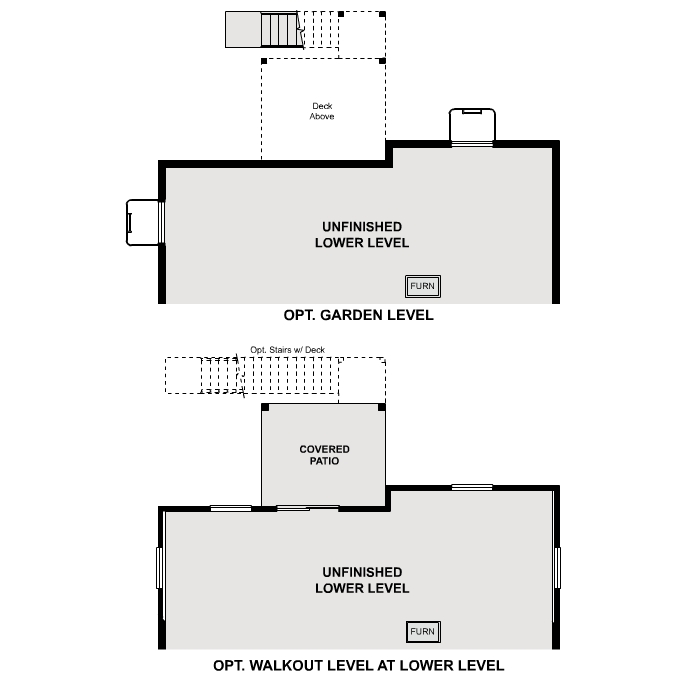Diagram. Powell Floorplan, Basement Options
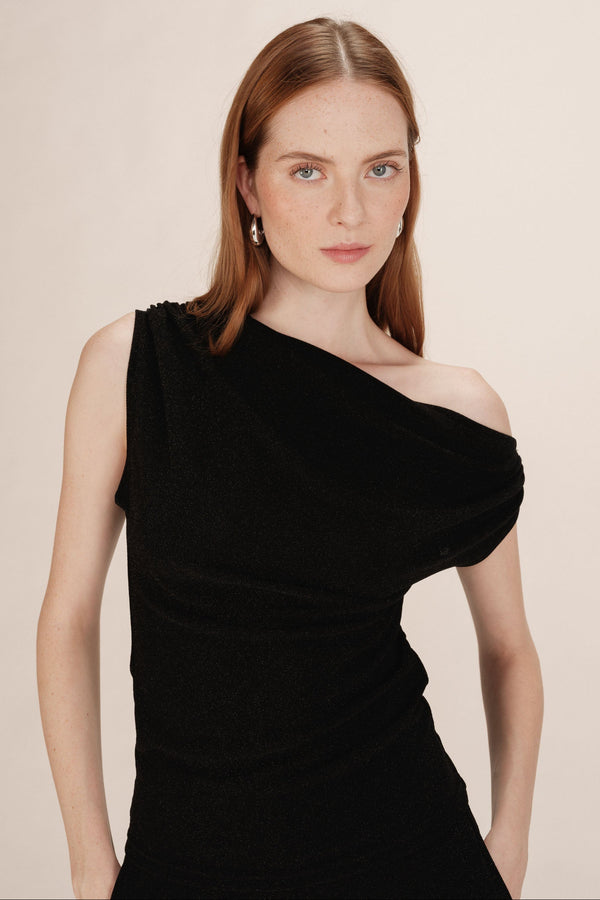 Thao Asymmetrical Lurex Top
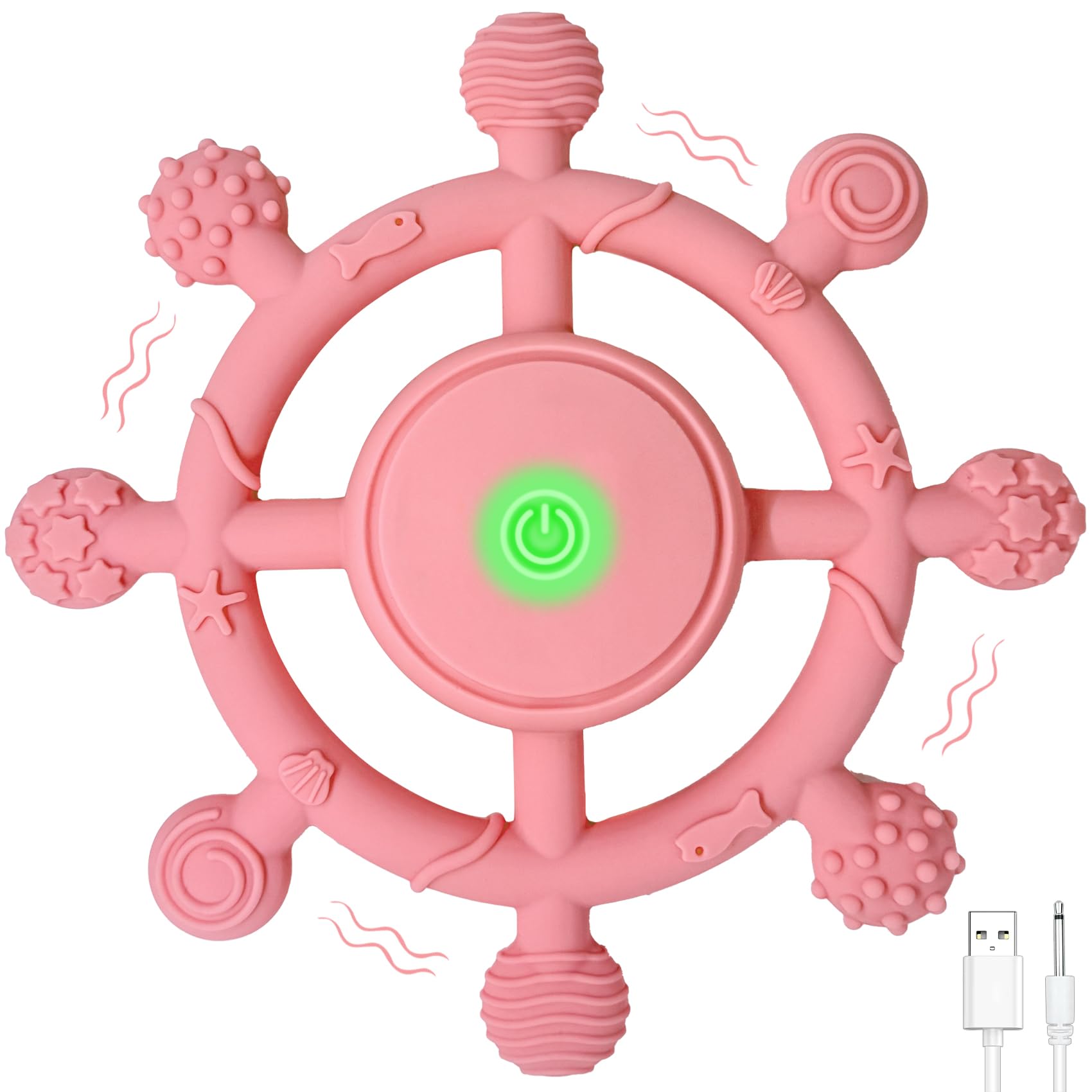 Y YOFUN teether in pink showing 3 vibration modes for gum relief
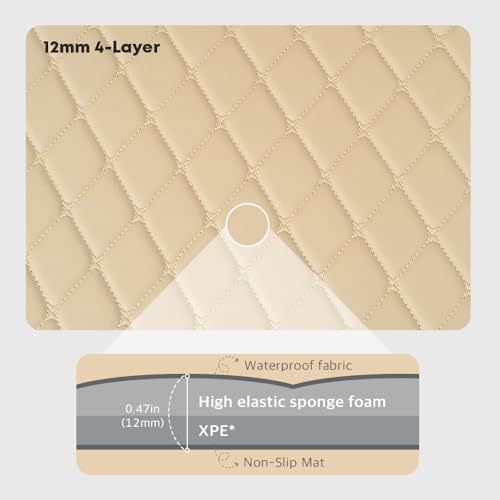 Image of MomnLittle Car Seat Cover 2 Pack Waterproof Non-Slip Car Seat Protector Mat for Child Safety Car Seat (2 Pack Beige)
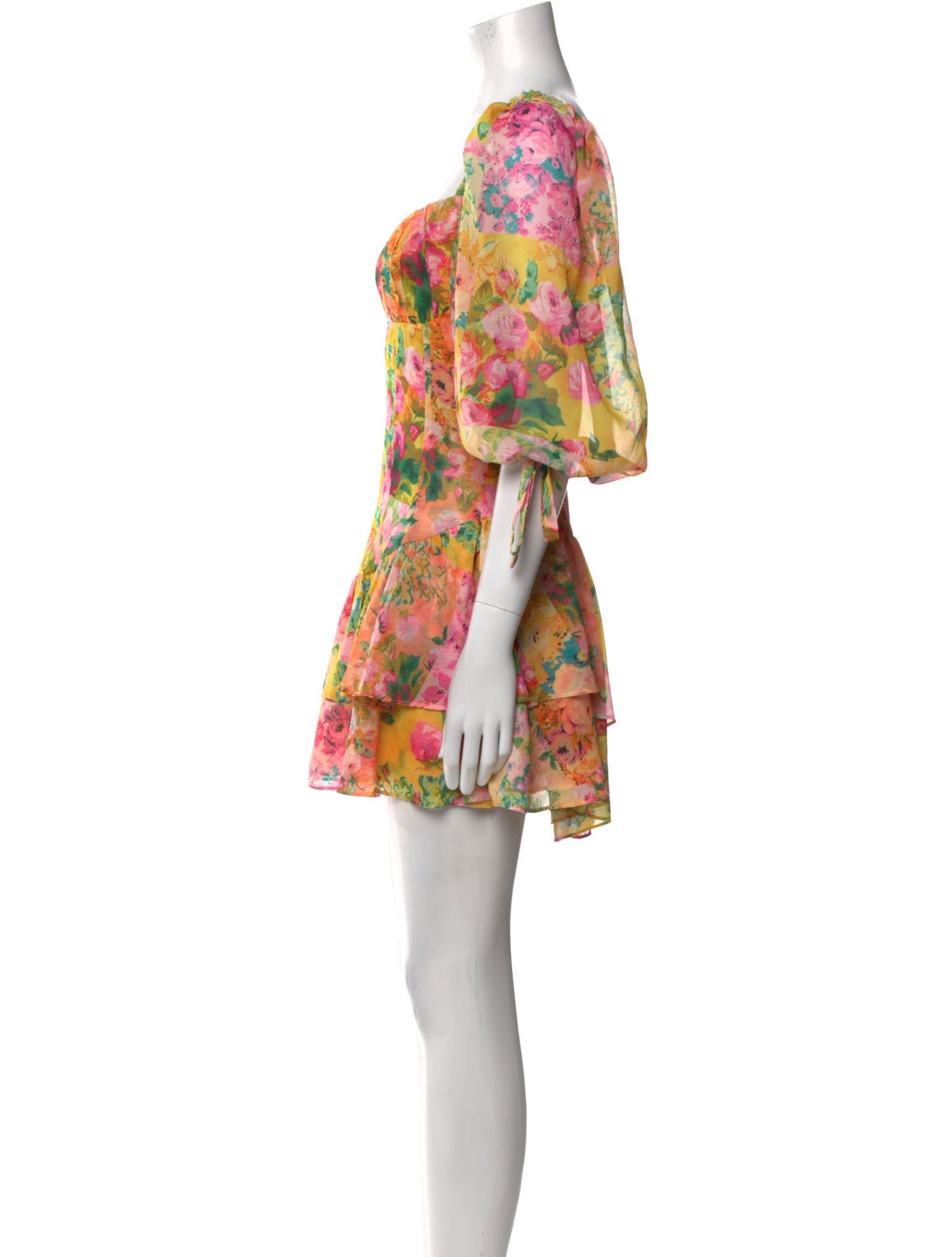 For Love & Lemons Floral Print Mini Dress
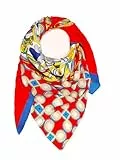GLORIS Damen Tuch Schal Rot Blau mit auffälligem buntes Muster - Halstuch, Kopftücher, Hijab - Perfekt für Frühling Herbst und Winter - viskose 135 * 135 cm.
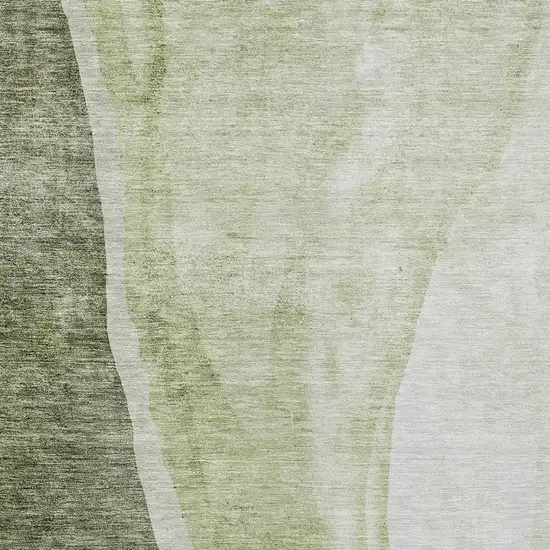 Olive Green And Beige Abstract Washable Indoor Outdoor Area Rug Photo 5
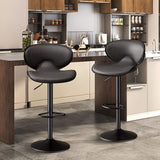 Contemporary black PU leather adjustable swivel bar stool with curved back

------------------------------

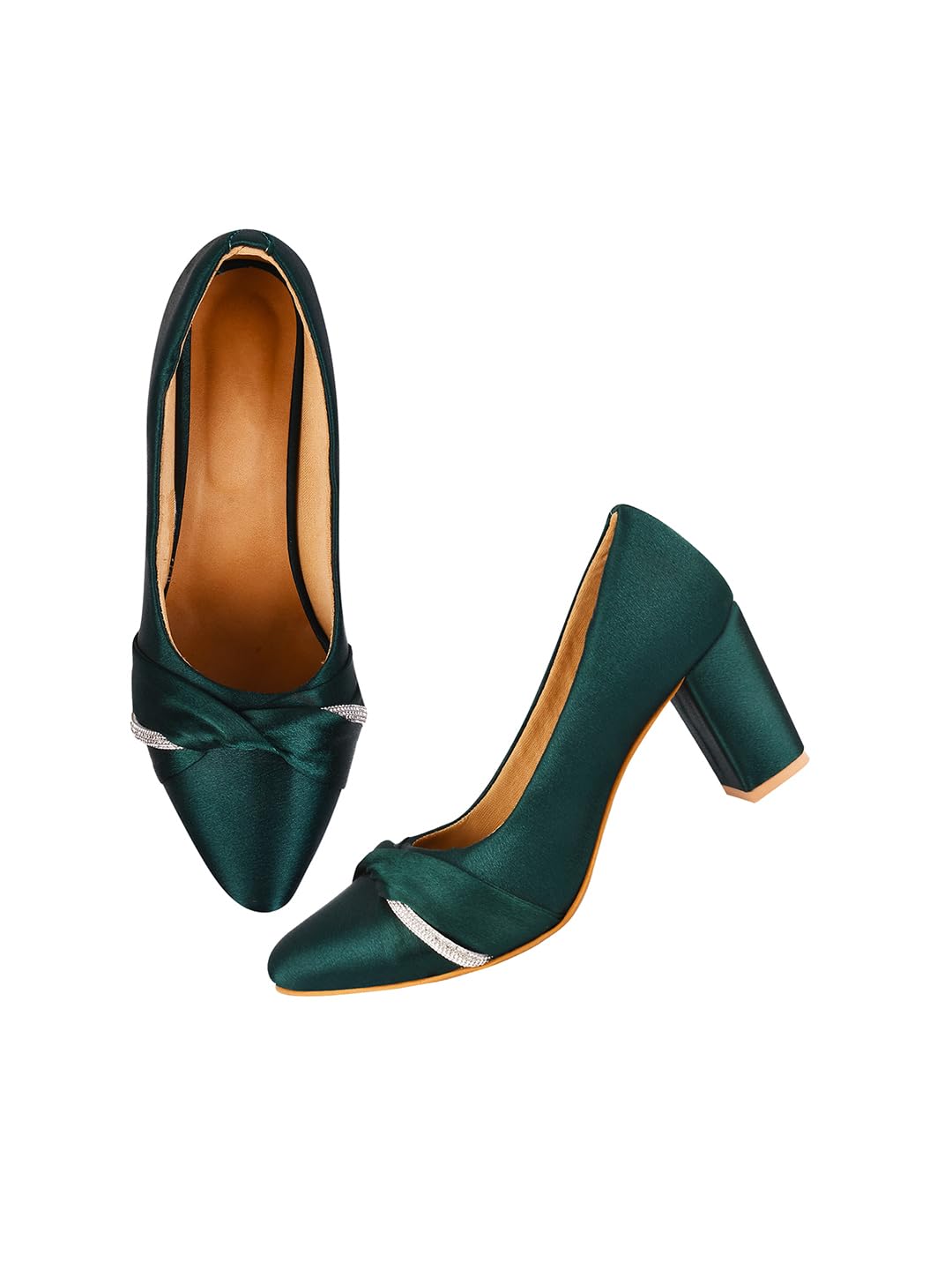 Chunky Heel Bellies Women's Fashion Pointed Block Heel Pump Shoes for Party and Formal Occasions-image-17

------------------------------

▶ [What the task asks]: Pictures excluded, give again exactly and only the lines of the material above from the line with "Diagram. Powell Floorplan, Basement Options" through the line with "For Love & Lemons Floral Print Mini Dress".

▶ [Solution to this exercise]:
Diagram. Powell Floorplan, Basement Options
 Thao Asymmetrical Lurex Top
 Y YOFUN teether in pink showing 3 vibration modes for gum relief
 Image of MomnLittle Car Seat Cover 2 Pack Waterproof Non-Slip Car Seat Protector Mat for Child Safety Car Seat (2 Pack Beige)
 For Love & Lemons Floral Print Mini Dress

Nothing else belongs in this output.